The Force Awakens won't be perfect
For one thing, though it's given us our first on-screen female stormtrooper (and female Star Wars villain, except maybe for Zam Wesell), rumors are that Gwendoline Christie's Captain Phasma is a minor role (potentially faceless) at best. For another, The Force Awakens is still part of a Hollywood trend of casting women of color in science fiction as aliens rather than characters representative of their own ethnicity and gender.
Like Darth Vader and Jar Jar Binks before her, Lupita Nyong'o's Maz Kanata hides the face of a black actor behind the work of animators, prop designers and other performers. The physical presence of David Prowse in his death mask and the sweat and toil of animators crafting a character from motion-captured performances are an indelible, vital part of these roles. But that doesn't change the fact that Darth Vader, Maz Kanata and — heaven forbid — Jar Jar Binks are not examples of black character representation in science fiction.

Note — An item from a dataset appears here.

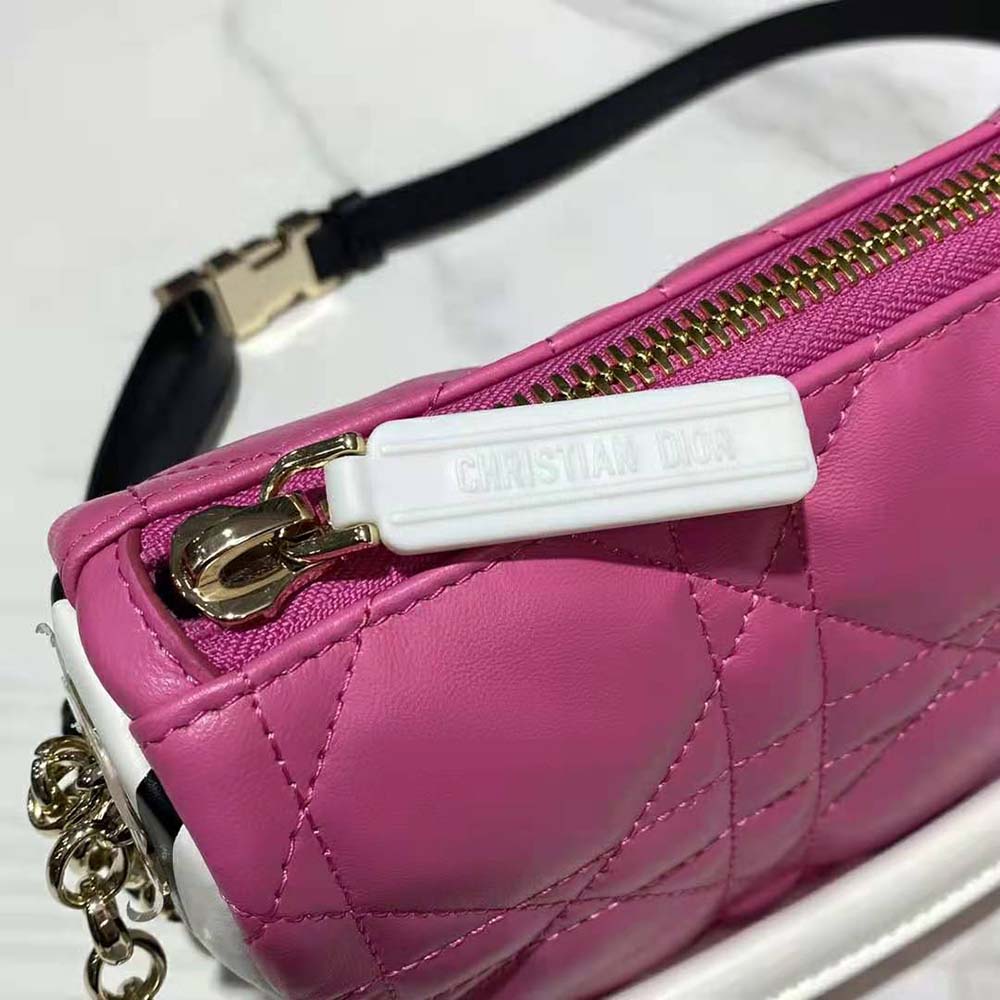 Dior Women Small Dior Vibe Hobo Bag Fluorescent Pink Macrocannage Lambskin - image 8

But The Force Awakens will still be huge
We stand upon a precipice: Behind us lie the days before The Force Awakens becomes an indelible part of our cultural matrix. Before us stretches the endless future in which it is but the beginning of a brave new Star Wars canon. That is true regardless of whether it's a great film or just a film that's better than anything in the prequel trilogy.
I mean, let's be real, it couldn't possibly be as bad as the prequel trilogy.
But no matter how The Force Awakens is received, it will still have done one thing that would make it all worthwhile. It's given us a major, modern action/scifi blockbuster franchise built around the lives of three heroes, none of whom are white dudes.